C'wealth Games: Tao back in the swim of things after patchy start

C'wealth Games: Tao back in the swim of things after patchy start
Tao Li at the women's 50m butterfly event on 27 July 2014. Singapore's swimming team at the Tollcross International Swimming Centre on 27 July 2014.

GLASGOW - She finished fifth in her pet event at the Commonwealth Games, but Tao Li believes she is now on the mend after her recent poor form.

The Singaporean clocked 26.26sec in the women's 50m butterfly final, finishing behind England's Francesca Halsall, who won in a new Games record of 25.20, and Arianna Vanderpool Wallace of the Bahamas (25.53) and Australia's Brittany Elmslie (25.91).

The 24-year-old, who also timed 26.33 in the semi-finals, was satisfied with her display in Glasgow and maintained that she is on track for her main target this year - completing a hat-trick of golds in the same event in September's Asian Games.

She said: "I will be much better at the Asian Games. I'm happy with my performance, it was a pretty good swim. But 25sec is the standard now and it is a barrier that I have yet to crack. It will not be easy but I feel that I am coming back into form.

"The Asian Games is my most important target of the year and I'm just glad the Commonwealth Games has been a good competition to test myself. This is my best swim in two years."

Last night, she was down for the 50m backstroke semi-finals.

Also vowing to do better the next time is Tao's team-mate Nur Marina Chan.

The Anglo-Chinese Junior College student, who will turn 17 on Christmas Eve, finished eighth in her 100m freestyle semi-final in 57.49, which is slower than her qualifying time of 57.37.

It has been a mixed outing at the Games for Marina, who also did a personal best of 26.17 in the 50m freestyle heats, beating her old mark of 26.31. However, she did not fare as well in the 50m butterfly, touching home in 28.06 in the heats, which is slower than her best time of 27.49.

But the teenager said she is more worried about her opponents than letting the weight of her family name weigh her down; Her father Bernard swam at the 1964 Olympics while her aunt Patricia was Singapore's Golden Girl at the pool in the 1960s and 1970s, winning 39 gold medals in the Seap Games.
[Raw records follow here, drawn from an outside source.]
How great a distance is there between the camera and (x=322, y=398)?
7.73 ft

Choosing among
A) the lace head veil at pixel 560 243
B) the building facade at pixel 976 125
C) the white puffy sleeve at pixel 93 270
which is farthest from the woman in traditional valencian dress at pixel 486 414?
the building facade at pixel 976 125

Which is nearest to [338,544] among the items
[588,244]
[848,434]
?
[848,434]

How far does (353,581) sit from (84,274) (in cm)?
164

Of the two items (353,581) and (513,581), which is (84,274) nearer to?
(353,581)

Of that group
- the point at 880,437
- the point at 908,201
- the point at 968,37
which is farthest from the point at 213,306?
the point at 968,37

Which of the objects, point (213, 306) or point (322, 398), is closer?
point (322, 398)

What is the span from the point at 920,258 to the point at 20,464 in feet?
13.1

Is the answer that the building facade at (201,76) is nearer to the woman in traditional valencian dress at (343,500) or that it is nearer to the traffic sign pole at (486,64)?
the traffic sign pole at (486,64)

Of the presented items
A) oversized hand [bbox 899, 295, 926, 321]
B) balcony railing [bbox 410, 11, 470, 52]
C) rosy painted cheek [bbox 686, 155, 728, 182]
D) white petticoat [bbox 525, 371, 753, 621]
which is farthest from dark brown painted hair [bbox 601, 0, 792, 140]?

She said: "This is my first Commonwealth Games and it is a lot more difficult than the local meets. I had world-record holders next to me in the heats. The stress level can get very high and it does overwhelm me a bit.

"I tried not to look to my left or right but the nerves still got the better of me. I kept wondering where am I going to finish alongside these big names. But this is a valuable experience. I will learn from this."

Marina's next competitions are next month's Youth Olympic Games and September's Asian Games.

This article was published on July 29 in The Straits Times.